One finds her in all sorts of unexpected places. Last summer I saw her in a home of wealth and luxury. She was fifteen, the eldest of a family of four children. Behind her was a long line of ancestry of which anyone might rightfully be proud. Her face was pure and sweet and her eyes revealed the frankness and honest purpose of past generations. After breakfast she played for the hymns at prayers and in a clear, true, soprano led the singing. A twelve-year-old brother had selected the part of the Bible to be read and the eight-year-old sister had chosen the hymns. The father's prayer was simple and sincere and some of its sentences were remembered for many a day. After prayers the girl attended to the flowers. This was her work for the summer. I saw her gather from their lovely garden dainty blossoms and sprays of green, making them with unusual skill into bouquets for the Flower Mission in the city. Then three small baskets were filled with pansies. These went to three old ladies in the factory section of the village. She told me they were "the sweetest old ladies" and "dear friends" of hers. She seemed to take real delight in making the baskets beautiful. I saw her later in the day galloping off through the woods on her horse, her face glowing with health and happiness. In the afternoon she spent an hour on German which she said was her "hopeless study," but I found her reading German folk lore with ease. She was familiar with the best things in literature, was intensely interested in art and revealed unusual knowledge without any evidence of precociousness. She was just a normal, healthy, natural girl, well-born, well-bred, a girl with every advantage. When I said good-night to her in her lovely room and thought of her protected, sheltered life, I wondered how she might be helped to know into what pleasant places her lot had fallen and how she might come to understand and do in later years her full duty toward the other fifteen-year-old girl who that day made paper boxes, feathers, flowers or shirtwaists, toiled in the laundries or the cotton factory, or walked with heavy heart from place to place searching for work. They are dependent upon one another, these two. They do not know it now, but if each is to be her best, they must know.

How to lead her daughter to value and help this other girl, that sweet mother told me as we talked in the library that night she felt was her great problem. "We women are responsible for so much," she said, "and our daughters will be responsible for still more. We must help them estimate things at their right value." With that thought and spirit in her mother's heart the girl I had watched all day with such pleasure seemed doubly privileged.

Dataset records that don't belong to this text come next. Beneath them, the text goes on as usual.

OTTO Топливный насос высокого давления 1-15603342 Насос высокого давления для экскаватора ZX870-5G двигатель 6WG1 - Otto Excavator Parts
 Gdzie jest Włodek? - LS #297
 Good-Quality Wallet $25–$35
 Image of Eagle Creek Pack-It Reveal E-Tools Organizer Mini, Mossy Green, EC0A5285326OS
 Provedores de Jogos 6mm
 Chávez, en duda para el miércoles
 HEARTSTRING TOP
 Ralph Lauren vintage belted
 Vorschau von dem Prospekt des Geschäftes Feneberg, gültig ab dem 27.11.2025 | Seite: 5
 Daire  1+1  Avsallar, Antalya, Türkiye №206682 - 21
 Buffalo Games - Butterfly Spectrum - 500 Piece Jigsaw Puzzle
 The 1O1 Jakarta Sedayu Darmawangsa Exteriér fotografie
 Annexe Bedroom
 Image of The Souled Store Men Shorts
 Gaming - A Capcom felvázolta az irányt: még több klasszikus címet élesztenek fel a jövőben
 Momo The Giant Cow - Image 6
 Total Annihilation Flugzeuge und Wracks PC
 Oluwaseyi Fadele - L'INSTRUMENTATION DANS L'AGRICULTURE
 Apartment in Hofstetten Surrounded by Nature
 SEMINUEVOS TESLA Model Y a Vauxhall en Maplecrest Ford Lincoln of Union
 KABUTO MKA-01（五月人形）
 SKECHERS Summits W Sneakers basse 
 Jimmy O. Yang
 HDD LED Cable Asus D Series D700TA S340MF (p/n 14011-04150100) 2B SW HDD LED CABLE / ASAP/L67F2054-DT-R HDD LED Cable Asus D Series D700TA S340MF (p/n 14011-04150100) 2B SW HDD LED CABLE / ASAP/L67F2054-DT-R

Last September I saw another privileged girl. She showed me her trunk packed for college. Every member of the family was interested in it, perhaps most of all her father who had put into the bank that first dollar on the day that she was born with the faith that what should be added to it might one day mean college. Behind her was a long line of honest ancestry, simple people who had worked hard and managed to "get along." She was the first on either side of the family to "go to college." No one in the family, even the most distant relative, failed to feel the importance of the event. "Tom's Dorothy goes to college this week—think of it," a great aunt, in a little unpainted, low-roofed farmhouse far away in the hills, told all her friends at church.

Great ambition, hopes and dreams were packed into that trunk and the day when she should graduate and come back to teach in the high school seemed near. Jack and Bessie and Newton were in her plans for using the money she should earn when those four short years were over.



Looking at her sweet, fresh face so full of happiness one knew her to be a privileged girl. All through high school she had had her purpose clear, her studies were a pleasure, her simple good times were enjoyed to the full and life, every moment of it, was worth the living. When I saw her lock the trunk and excitedly instruct the expressman as to just how it must be carried, I had a sudden vision of the thousands of girls, with happy faces filled with anticipation of all that is wrapped up in that one word, college. A great army of privileged girls, they are. One cannot help wishing that he might feel sure that when they leave those college halls it might be with a deep appreciation and real sympathetic understanding of the other girls who have turned their eyes with longing toward four years more of study and fun, but whose feet were obliged to walk in other pathways. They are so dependent upon one another, these girls who can go to college and the other girls who cannot go. They do not know it now but neither girl can ever come to her best until the privileged girl sees and understands.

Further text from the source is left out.